Young, progressive voters are accusing liberal paragons like Gideon Levy of selling out. Will their split have national implications?

by
Liel Leibovitz
October 18, 2013
Demonstrators protest Israeli Finance Minister Yair Lapid's budget cuts on May 18, 2013, in Tel Aviv.(Uriel Sinai/Getty Images)
Demonstrators protest Israeli Finance Minister Yair Lapid's budget cuts on May 18, 2013, in Tel Aviv.(Uriel Sinai/Getty Images)

Tel Aviv is at war.

On one side of the new beachside Agincourt are those for whom life in Israel’s largest metropolis has never been sweeter: The new boardwalk glimmers, Habima theater’s new compound is a marvel of light and glass, bike lanes abound, and free wi-fi is everywhere on tap. In the 14 years since Ron Huldai, the city’s current mayor, took over, say his fans, Tel Aviv took one step closer to becoming what it has always imagined itself to be, a small and superb replica of Manhattan or Berlin seamlessly transported to the Mediterranean’s shore. Others see it differently: To them, Huldai’s reign has turned the city into a megalopolis for the rich, with plenty of perks for those who can afford apartments for millions of dollars and little but contempt for the poor and the tired.

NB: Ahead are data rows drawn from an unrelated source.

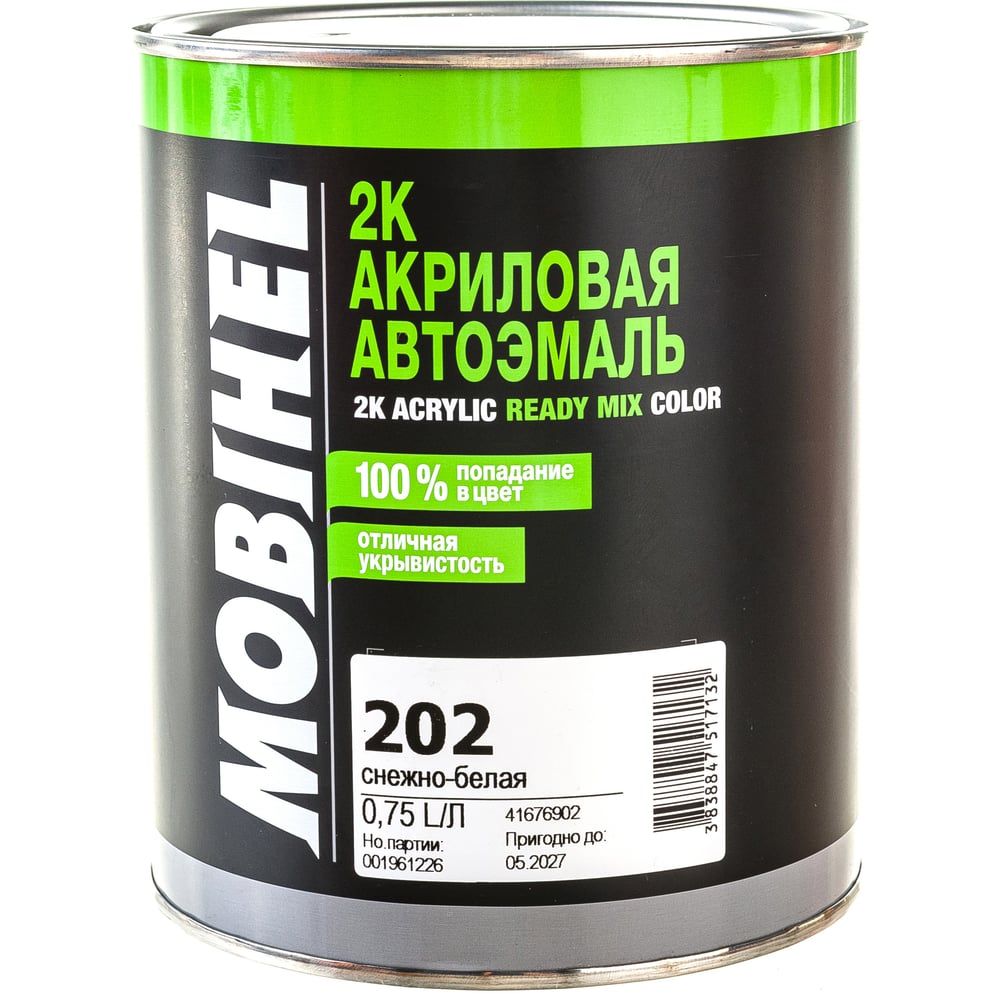 Краска Mobihel 202 Белая 2К, акриловая, банка, 0.75 л 41676902 ...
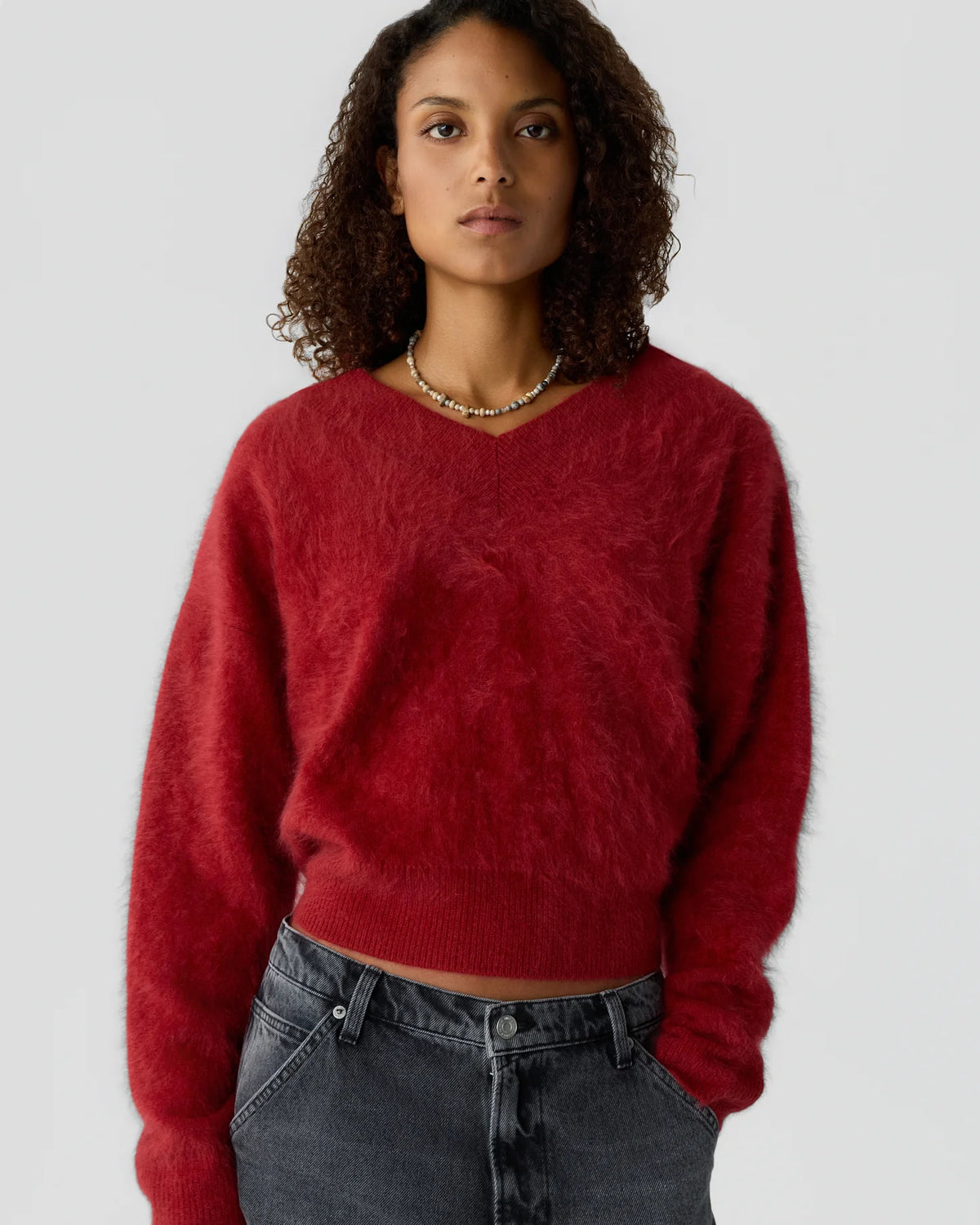 Grizzly Double V Sweater - Carmine-Guest in Residence-Happy on Main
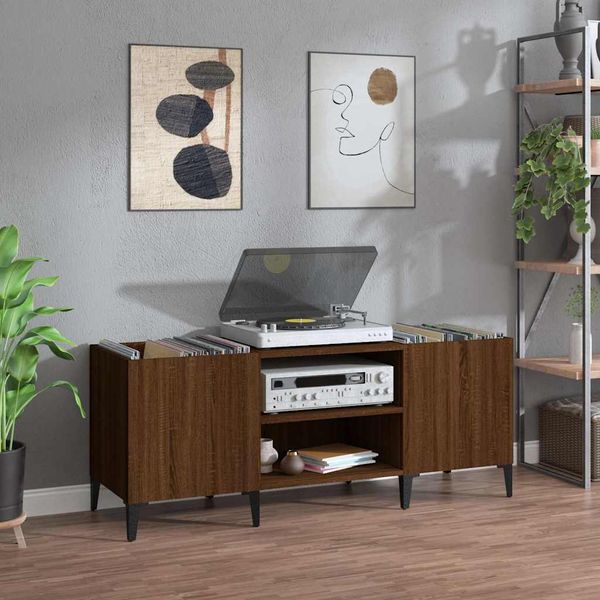 vidaXL Skrinka na platne hnedý dub 121x38x48 cm kompozitné drevo
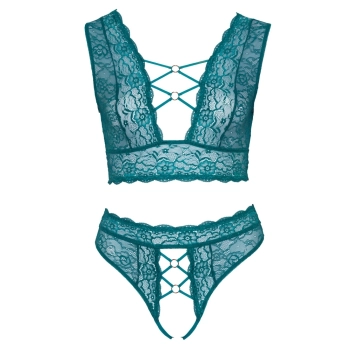 Cottelli CURVES - Seksowna Wycięta Braletka I Stringi Bez Krocza Niebieskie 4XL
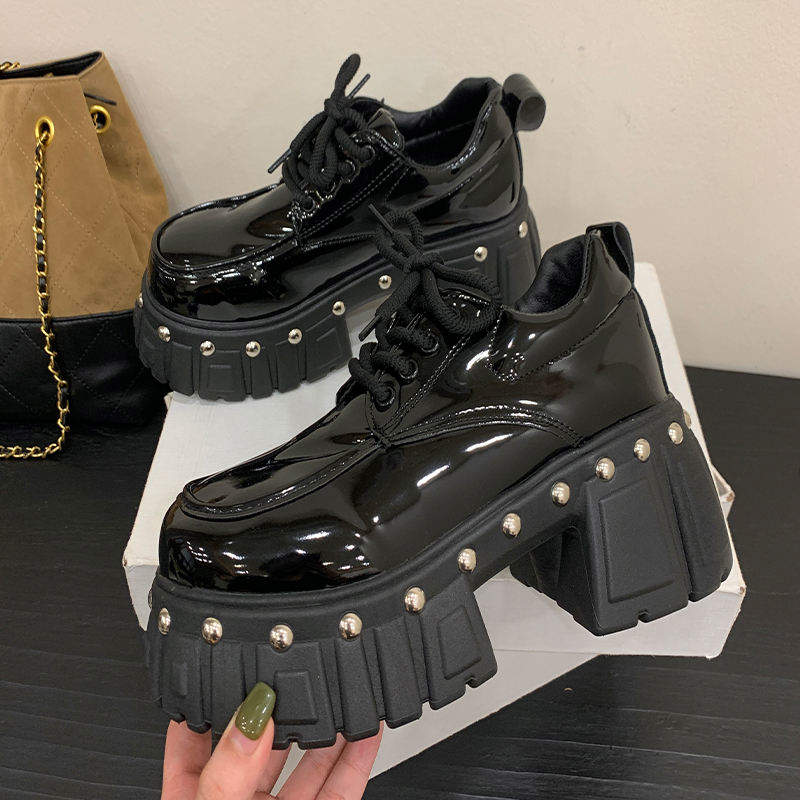 8CM Shiny Patent Leather Round Toe Wedge Heel Thick Soled 5-43 Rivet Punk Style Women's Shoes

As the city, like the rest of Israel, prepares for municipal elections next week, the battle for Tel Aviv is making headlines mainly because of the unlikely fact that it pits the left against the far left. More than just a quibble about zoning or property taxes, the election has come, in the course of the last three weeks, to be about what it means to be an Israeli progressive, a struggle that, in a nation as small as Israel, is likely to spill beyond Tel Aviv’s city limits.

The first shot was fired—could it have been otherwise?—in an essay in Ha’aretz. Taking a break from his habitual searing criticism of the occupation, the newspaper’s most polarizing columnist, Gideon Levy, published an uncharacteristically appeased piece. Titled “Huldai, My Mayor,” it was a valentine to the former air-force fighter pilot who ran his urban renewal projects with the precision and tenacity of an aerial strike. “My neighborhood is clean and sparkling, and the city’s boulevards are a delightful attraction,” Levy wrote. “What else could one ask of one’s mayor?” After delivering a few soft blows of mild criticism, dealing mainly with Huldai’s unfriendly treatment of the J14 social protest movement and its impromptu tent city, Levy concluded by stating that he’ll gladly support radical leftist candidates for city council but will also vote for Huldai’s reelection.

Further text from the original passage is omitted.